Dichosos los que viven en tu casa
alabándote siempre.
Dichosos los que encuentran en ti su fuerza
al preparar su peregrinación:
cuando atraviesan áridos valles,
los convierten en oasis,
como si la lluvia temprana
los cubriera de bendiciones;
caminan de altura en altura
hasta ver a Dios en Sión.
Señor de los ejércitos, escucha mi súplica;
atiéndeme, Dios de Jacob.
Fíjate, ¡oh Dios!, en nuestro Escudo,
mira el rostro de tu Ungido.
Un solo día en tu casa
vale más que otros mil,
y prefiero el umbral de la casa de Dios
a vivir con los malvados.
Porque el Señor es sol y escudo,
él da la gracia y la gloria,
el Señor no niega sus bienes
a los de conducta intachable.
¡Señor de los ejércitos, dichoso el hombre
que confía en ti!
Gloria al Padre, y al Hijo, y al Espíritu Santo.
Como era en el principio, ahora y siempre, por los siglos de los siglos. Amén.
Ant. Dichosos los que viven en tu casa,
Señor.
Ant 2. Venid, subamos al monte del Señor.
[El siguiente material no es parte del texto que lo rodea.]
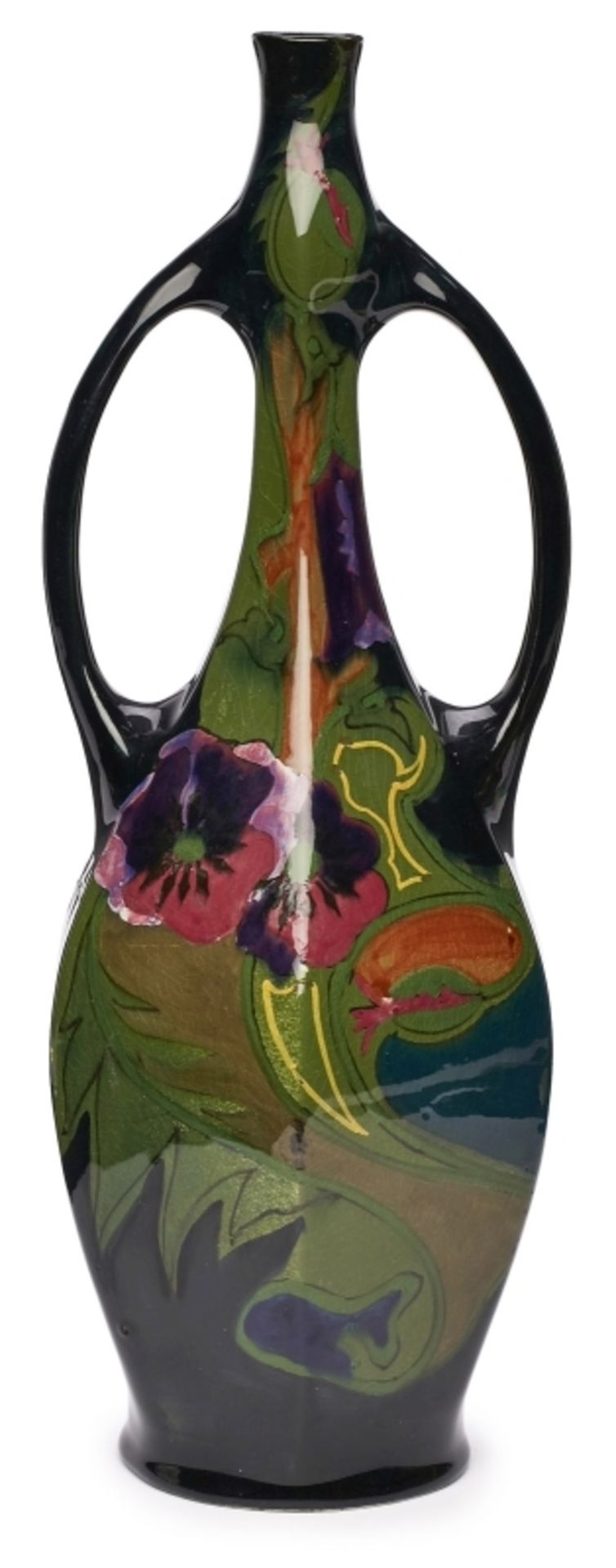 Solifleurvase, Jugendstil, Gouda/ Südholland um 1910.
Cántico: EL MONTE DE LA CASA DEL SEÑOR EN LA CIMA DE LOS MONTES Is
2, 2-5
Al final de los días estará firme
el monte de la casa del Señor,
en la cima de los montes,
encumbrado sobre las montañas.
Hacia él confluirán los gentiles,
caminarán pueblos numerosos.
Dirán : «Venid, subamos al monte del Señor,
a la casa del Dios de Jacob:
Él nos instruirá en sus caminos,
y marcharemos por sus sendas;
porque de Sión saldrá la Ley,
de Jerusalén la palabra del Señor.»
Será el árbitro de las naciones,
el juez de pueblos numerosos.
De las espadas forjarán arados,
de las lanzas, podaderas.
No alzará la espada pueblo contra pueblo,
no se adiestrarán para la guerra.
Casa de Jacob, ven;
caminemos a la luz del Señor.
Gloria al Padre, y al Hijo, y al Espíritu Santo.
Como era en el principio, ahora y siempre, por los siglos de los siglos. Amén.
Ant. Venid, subamos al monte del Señor.
Ant 3. Cantad al Señor, bendecid su
nombre.
Salmo 95 - EL SEÑOR, REY Y JUEZ DEL MUNDO.
Cantad al Señor un cántico nuevo,
cantad al Señor, toda la tierra;
cantad al Señor, bendecid su nombre,
proclamad día tras día su victoria.
Contad a los pueblos su gloria,
sus maravillas a todas las naciones;
porque es grande el Señor, y muy digno de alabanza,
más temible que todos los dioses.
Pues los dioses de los gentiles son apariencia,
mientras que el Señor ha hecho el cielo;
honor y majestad lo preceden,
fuerza y esplendor están en su templo.
Familias de los pueblos, aclamad al Señor,
aclamad la gloria y el poder del Señor,
aclamad la gloria del nombre del Señor,
entrad en sus atrios trayéndole ofrendas.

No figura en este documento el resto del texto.